ChatGPT OpenAI starts working with other applications on your computer.
On Thursday, the startup announced that the ChatGPT desktop app for macOS can now read code in several coding apps aimed at developers, including VS Code, Xcode, TextEdit, Terminal, and iTerm2.
This means that developers will no longer have to copy and paste their code into ChatGPT, which has become a common way of using a chatbot. Now that this feature is enabled, OpenAI will automatically send the section of code you are working on through your chatbot as context, along with a prompt.
However, unlike popular AI coding tools like Cursor or GitHub Copilot, ChatGPT is not currently able to write code directly into developer apps on your behalf.
The feature called Work with Applications is far from an AI agent, but OpenAI says getting ChatGPT to understand other applications is a “key element” in building agent systems. One of the biggest challenges facing AI agents today is teaching them to understand the rest of the computer screen rather than the prompts or their own responses.
OpenAI says it focuses this feature at the beginning of application development; this is likely because AI coding assistants have become one of the most popular LLM utilize cases. This feature is available now for Plus and Teams users, and will be rolled out to Enterprise and Edu over the next few weeks. OpenAI says ChatGPT will be able to work with other types of applications in the future, particularly text-based applications that can be used to write tasks.
In the TechCrunch demo, an OpenAI employee opened a ChatGPT application and an Xcode framework containing a basic project modeling the solar system – although it lacked the Earth. The employee selected the Xcode tab in ChatGPT, which tells the AI chatbot to look at the application and asks the chatbot to “add the missing planets.” The chatbot managed to get the job done by writing a line of code representing the Earth that fit the rest of the design format. However, they still had to paste the ChatGPT response back into their environment.

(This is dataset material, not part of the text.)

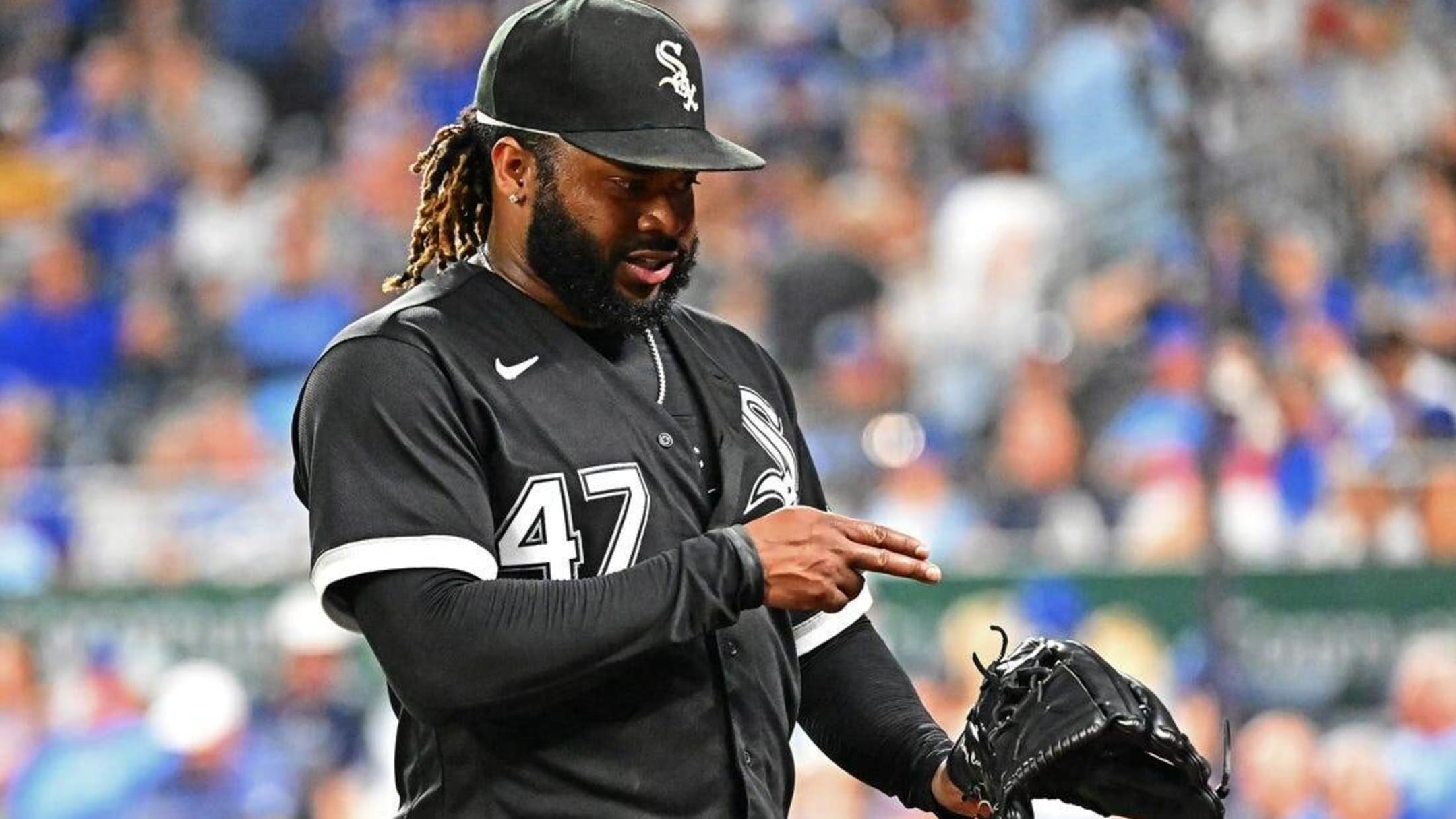 Johnny Cueto strikes out four in White Sox loss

According to Alexander Embiricos, OpenAI desktop product leader, OpenAI relies primarily on the macOS Accessibility API to read text and translate it into ChatGPT. The macOS screen reader that helps Apple’s VoiceOver function has been around for almost two decades. It is generally considered to be quite reliable for most, but not all, popular applications.

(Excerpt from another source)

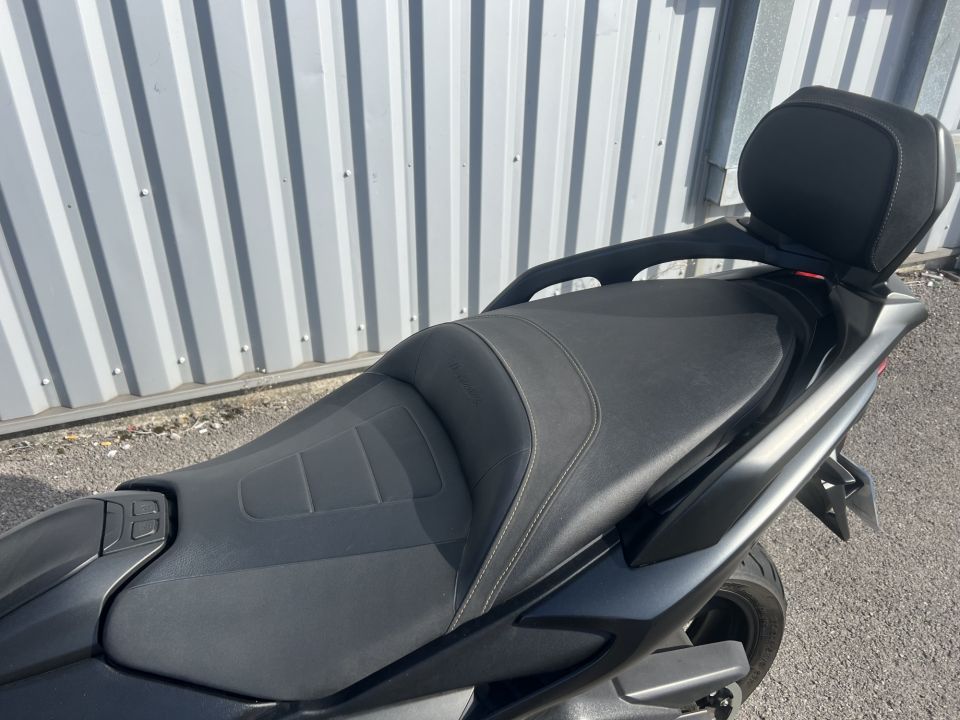 YAMAHA XP T-MAX 560 4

For some applications, such as Microsoft VS Code, working with the applications requires users to install a special extension to check the content. As the name suggests, Apple’s screen reader can only read text, so it cannot lend a hand ChatGPT understand visual elements such as photos, object orientation, or videos.
Work with your applications by sending the last 200 lines of code via ChatGPT along with each prompt for certain applications. In other cases, all the code in the main window will be used as input to the chatbot. You can highlight sections of code or text to lend a hand ChatGPT focus on the right part of your design, but ChatGPT will also take into account the text surrounding it. This all looks like it will utilize multiple input tokens.
It’s unclear how OpenAI plans to make this feature available to other apps that aren’t compatible with Apple’s screen reader. Anthropic, one of OpenAI’s competitors, has released an artificial intelligence system that analyzes user desktop screenshots to understand and utilize other applications. To be candid, Anthropic’s approach leaves much to be desired in its current state: it is sluggish and makes many mistakes. However, it is a more general-purpose version of the AI agent that does not rely on APIs and can do more than just read text in another window.
“It’s not supposed to be an agent; this is a way to get started with coding tools, and more tools will be available soon,” Embiricos said at a TechCrunch briefing. “From an agents’ point of view, I think this is a really key element. The idea that ChatGPT understands or can work with all the content you have so that it can lend a hand with that.
This move into agents is especially notable given recent reports that OpenAI is close to releasing a general-purpose AI agent codenamed “Operator,” according to Bloomberg. The tool is expected to arrive in early 2025 and will compete with other early efforts to utilize general-purpose artificial intelligence agents, such as the utilize of the Anthropic Computer or Agent “Jarvis” reported by Google.
OpenAI will make these features available for the first time on macOS, shortly before Apple introduces ChatGPT integration in December. It’s unclear when Work with Apps will arrive on Windows, the operating system created by OpenAI’s largest sponsor, Microsoft.